This past March, Republican presidential candidate-to-be Donald Trump attended the annual conference of the American Israeli Public Affairs Committee. There, Trump told the Jewish audience that his daughter Ivanka was about to have a “beautiful Jewish baby.”
Neither Ivanka’s father, nor her Czech-American mother, Ivana Trump, are Jewish. Ivanka Trump is a convert to Orthodox Judaism.
In 2009, Ivanka Trump converted to Orthodox Judaism with influential Rabbi Haskel Lookstein, spiritual leader of one of the richest and preppiest synagogues of New York City, Kehilat Jeshurun. The main reason for Ivanka’s conversion was her wedding with real estate tycoon and publisher Jared Kushner. Kushner is CEO of Kushner Companies, a real estate developer based in New Jersey. He also owns the upscale weekly newspaper New York Observer.
The Kushner family belongs to Orthodox Judaism, in its modern brand. Jared’s father, Charles Kushner, funded the buildings of Joseph Kushner Hebrew Academy and Rae Kushner Yeshiva High School, two Modern Orthodox educational institutions in Livingston, NJ. His father had been a big political player in New Jersey politics, until his downfall and conviction for making illegal campaign donations, tax evasion and witness tampering.
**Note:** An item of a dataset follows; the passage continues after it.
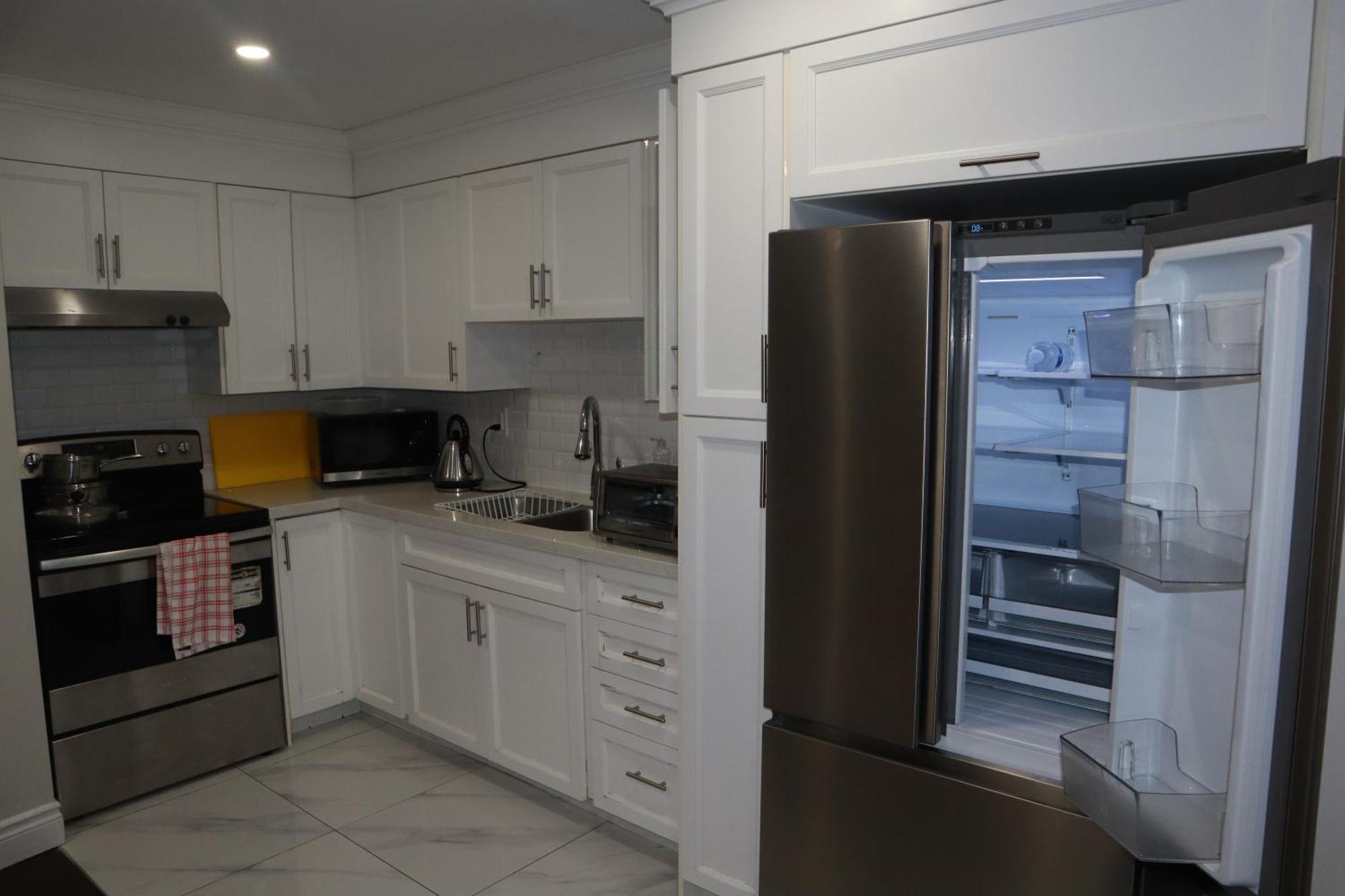 Stunning Furnished 2Bedroom/2Washroom Apartment Brampton Exterior foto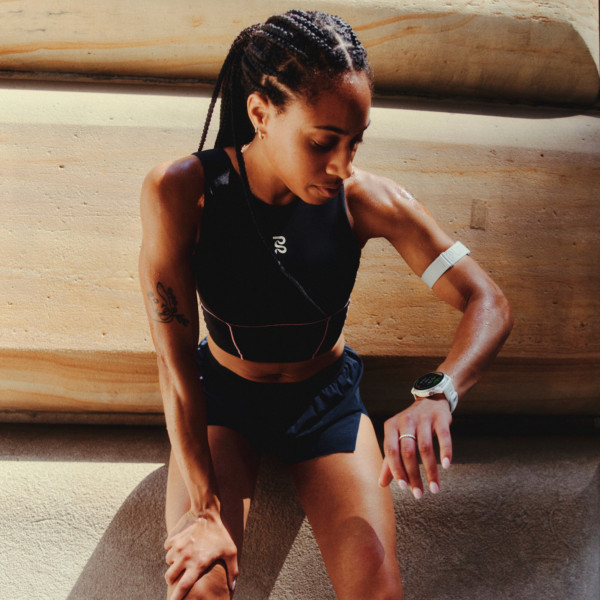 COROS PACE 4 Pro GPS-Multisportuhr mit Nylonarmband - Weiß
Ivanka’s conversion was not exempt of controversy. According to sources, the main Orthodox rabbinical court in Manhattan, headed by Rabbi Zvi Romm, rejected to move ahead with her conversion just before her wedding. The causes seem to have been related to Ivanka’s purported lax observance of Jewish precepts—a critical point required for Orthodox converts. Romm would have requested a stricter observance of Jewish precepts.
Lookstein, who also officiated Ivanka’s Jewish wedding, provided what in Orthodox circles is called a private conversion. These kinds of conversions are performed outside the rabbinical courts and are sponsored by the main Orthodox rabbinical body, the Rabbinical Council of America (RCA). These conversions are not exempt of risks. Recently, Rabbi Lookstein has seen how the local court of Petah Tikvah in Israel invalided one of his conversions.
Ivanka has been very secretive on her conversion and Orthodox Jewish lifestyle. The only hint to her Jewish life appeared partially in an interview for Vogue. Ivanka did not respond or request for comment. She tries to shield her Jewish life from the public.
And she has good reasons to do so.
The world of Orthodox converts is an underworld of stringencies, arbitrariness, abuse, mistreatment, and stigmatization. Being an Orthodox convert means getting into trouble. Those who choose to convert to Judaism through Orthodox rabbis are normally challenged by one of the hardest tests ever planned by religious zeal. The conversion process, which can last many years, is supervised by a personally appointed rabbi and a rabbinical court of three rabbis, a beit din. Rabbinic law encourages to formally reject candidates up to three times. Those admitted by the beit din have then to study Jewish law in its entirety, minhagim, the customs, Hebrew, and pass oral examinations. The adoption of an observant lifestyle is also requested—normally the most stringent one. If the process is successful, at the sole discretion of the beit din, the candidate will have a legal conversion certificate and dunk in the Jewish ritual bath, the mikvah. In the case of male converts, they will also need to be circumcised.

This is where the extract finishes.